Prompt:
Although the entries contain pictures, return everything else in them verbatim and omit the pictures.
-- Opening Marker --
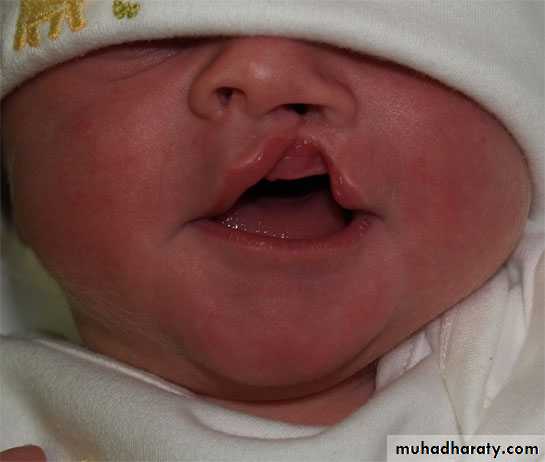 neonatal exam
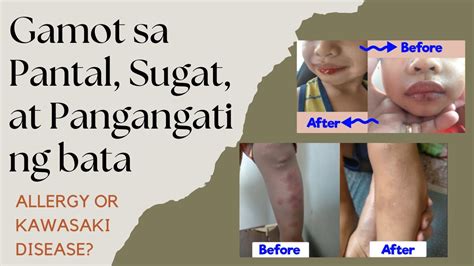 allergy sa sabon panlaba|6 paraan para mawala ang pangangati ng balat ng bata.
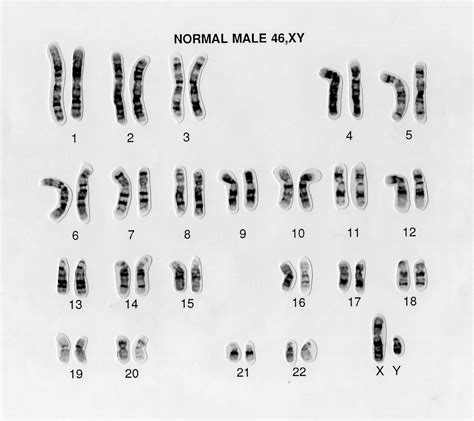 Normal Male 46 Xy Human Karyotype Wellcome Collection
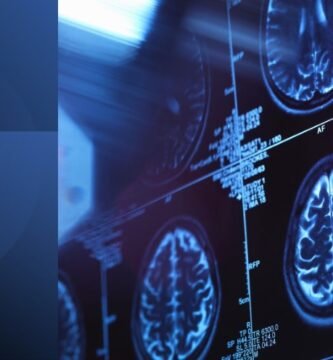 Brain scan image symbolizing the subconscious mind’s influence in powerful communication and emotional connection.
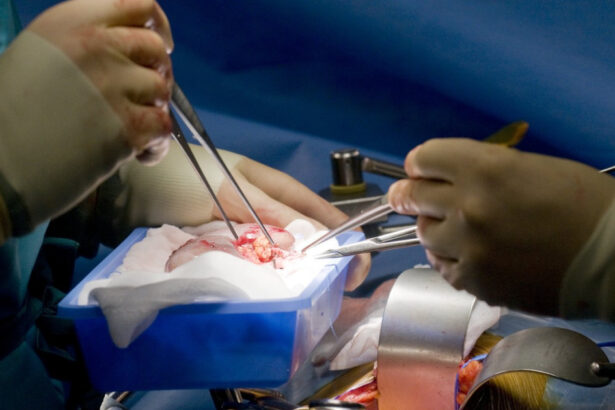 record medical un rinichi de porc transplantat a functionat in corpul unui pacient din sua timp de 271 de zile 6a9a9d758a41a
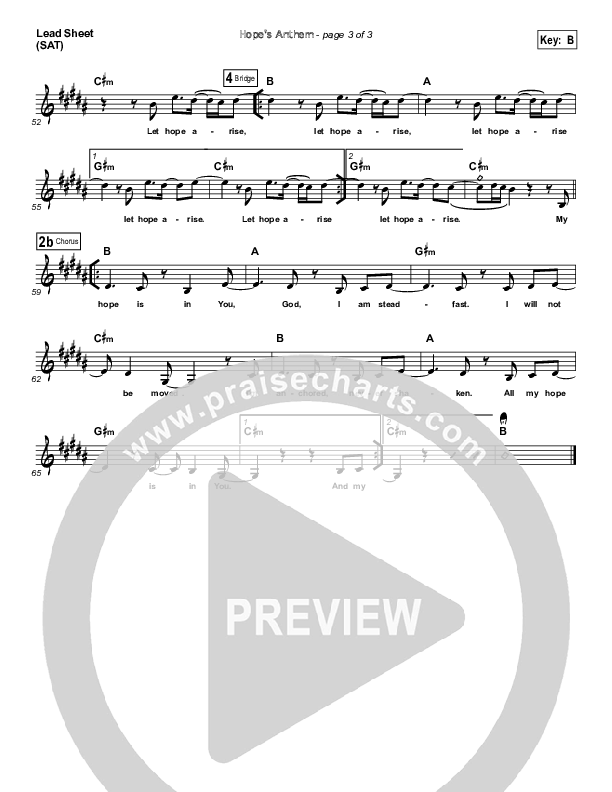 Hope's Anthem Lead Sheet (SAT) (Bethel Music)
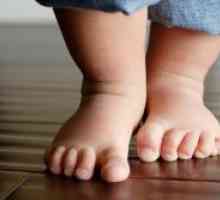 Ploskovalgusnye noge pri otrocih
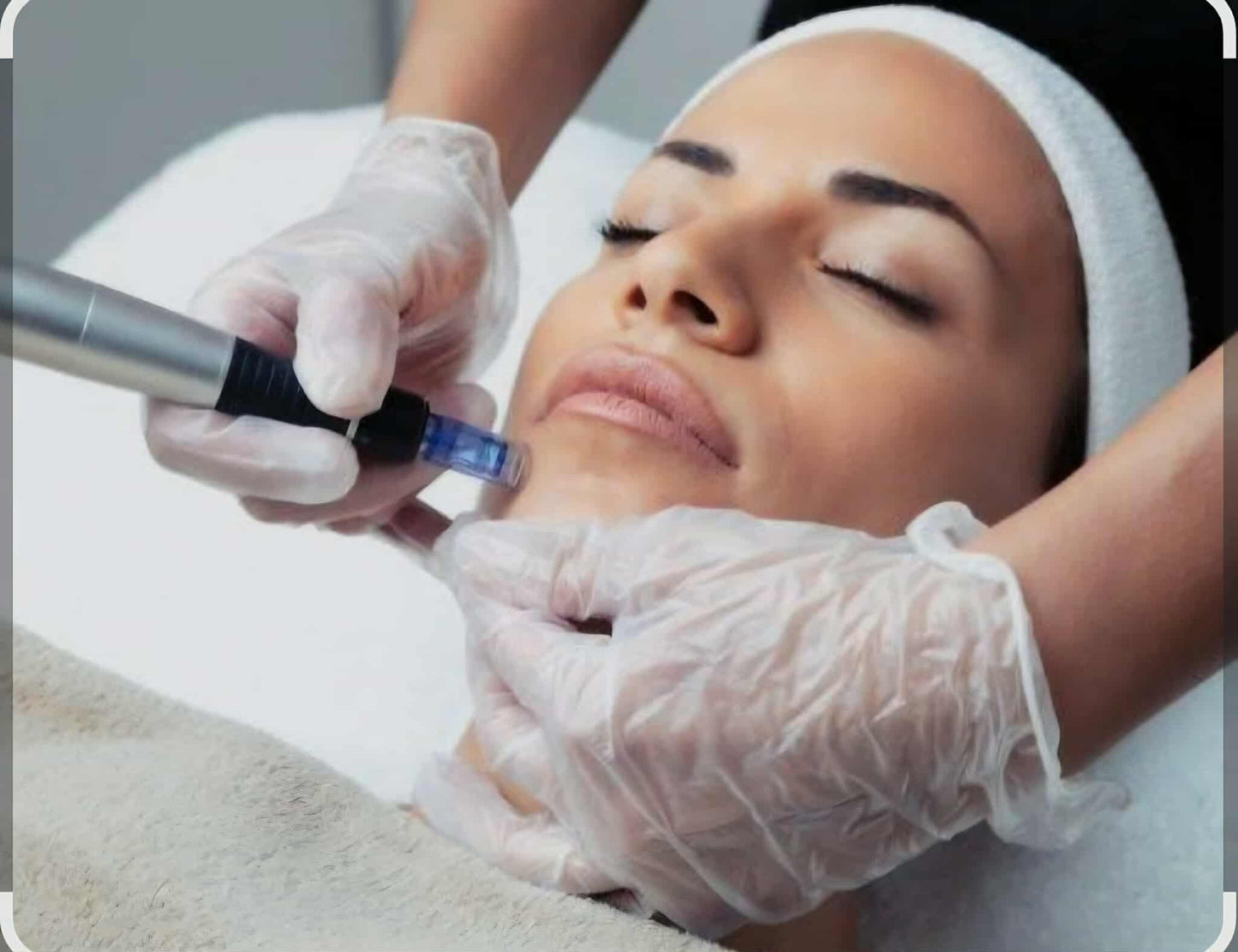 Clear Skin Microneedling - Acne & Scar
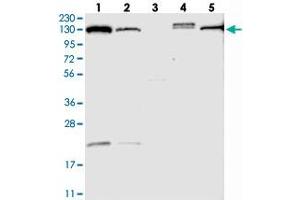 Western blot analysis of Lane 1: RT-4, Lane 2: U-251 MG, Lane 3: Human Plasma, Lane 4: Liver, Lane 5: Tonsil with TPP2 polyclonal antibody . (Tpp2 antibody)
-- Closing Marker --
Result for this task:
 neonatal exam
 allergy sa sabon panlaba|6 paraan para mawala ang pangangati ng balat ng bata.
 Normal Male 46 Xy Human Karyotype Wellcome Collection
 Brain scan image symbolizing the subconscious mind’s influence in powerful communication and emotional connection.
 record medical un rinichi de porc transplantat a functionat in corpul unui pacient din sua timp de 271 de zile 6a9a9d758a41a
 Hope's Anthem Lead Sheet (SAT) (Bethel Music)
 Ploskovalgusnye noge pri otrocih
 Clear Skin Microneedling - Acne & Scar
 Western blot analysis of Lane 1: RT-4, Lane 2: U-251 MG, Lane 3: Human Plasma, Lane 4: Liver, Lane 5: Tonsil with TPP2 polyclonal antibody . (Tpp2 antibody)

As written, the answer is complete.